▶ Given entries:
· · · ·

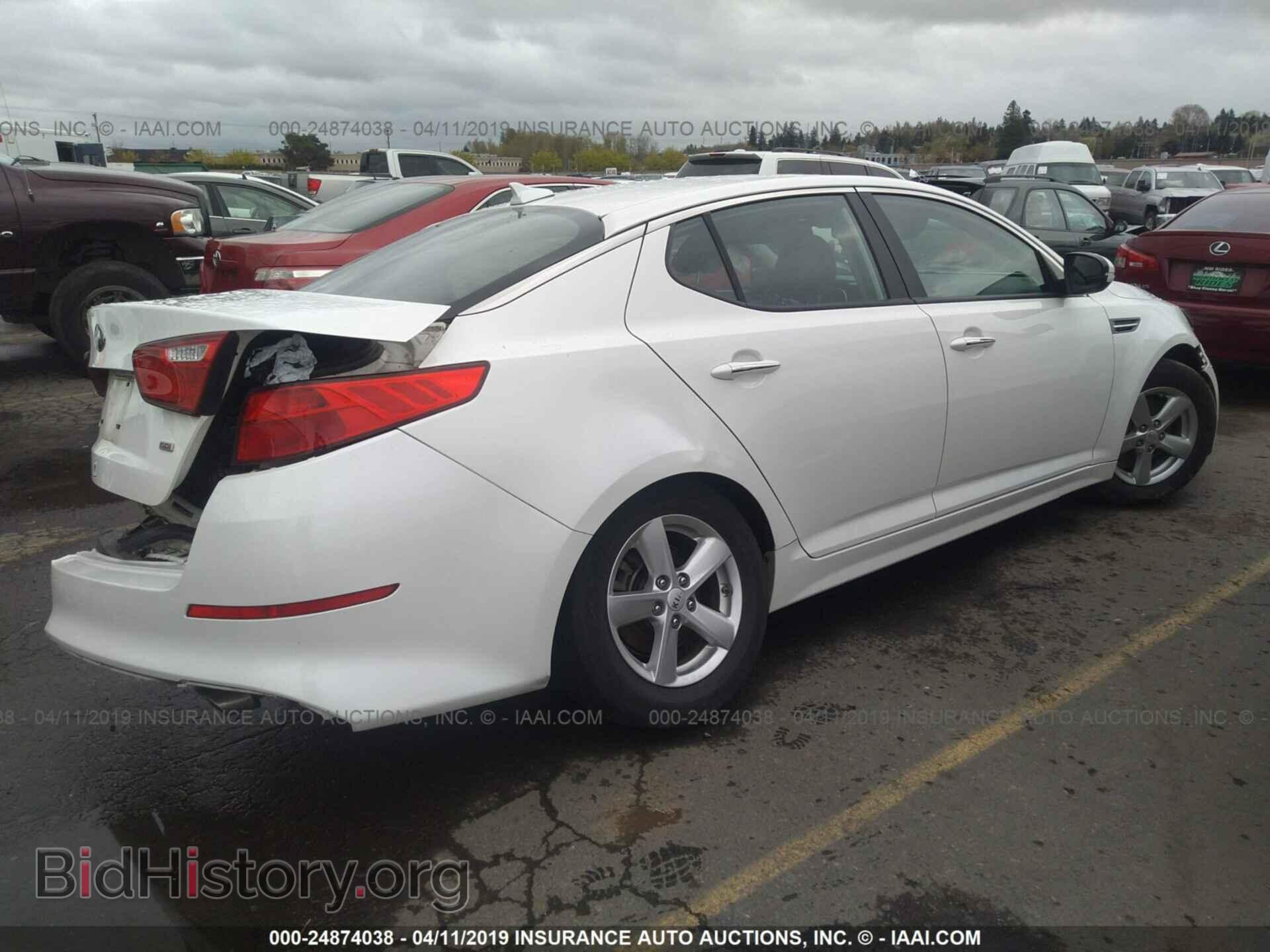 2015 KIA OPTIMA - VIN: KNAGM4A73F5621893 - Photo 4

· · · ·

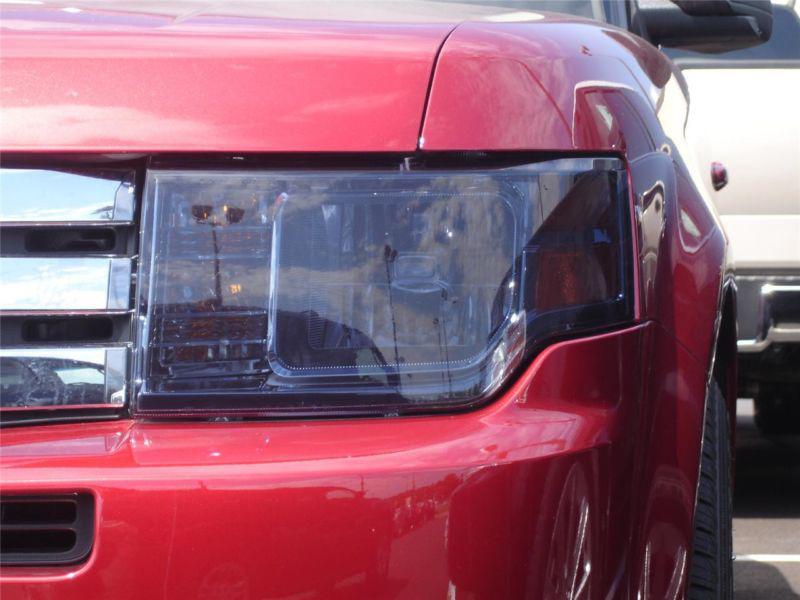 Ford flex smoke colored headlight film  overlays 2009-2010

· · · ·

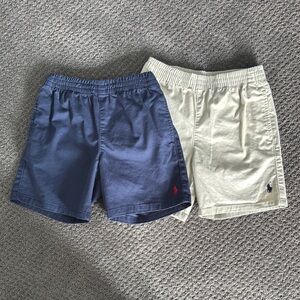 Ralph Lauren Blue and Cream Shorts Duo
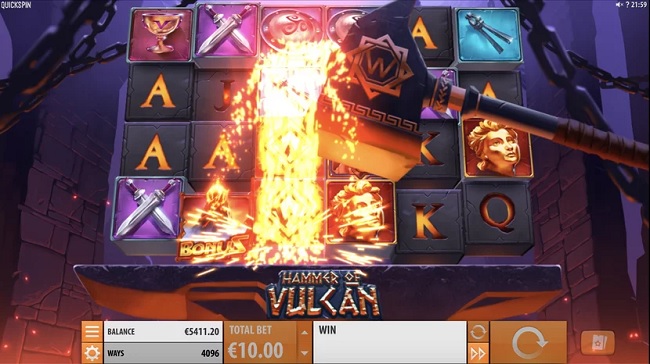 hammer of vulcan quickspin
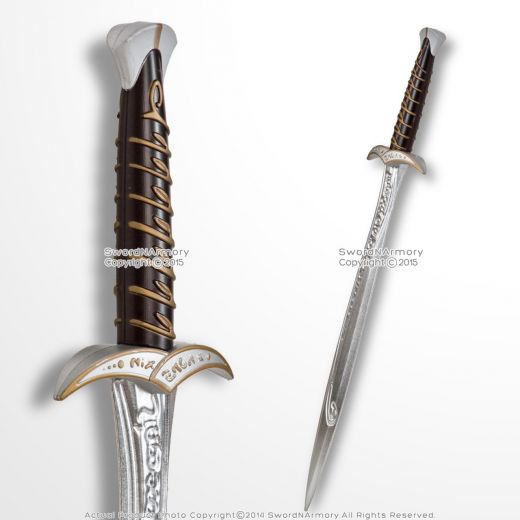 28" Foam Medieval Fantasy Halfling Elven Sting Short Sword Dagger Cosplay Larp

· · · ·

▶ Aim of the task: Out of the records above, return only the lines from the one with "Ralph Lauren Blue and Cream Shorts Duo" through the one with "Dagger Cosplay Larp", exactly, and none of the pictures.

▶ Response below:
 Ralph Lauren Blue and Cream Shorts Duo
 hammer of vulcan quickspin
 28" Foam Medieval Fantasy Halfling Elven Sting Short Sword Dagger Cosplay Larp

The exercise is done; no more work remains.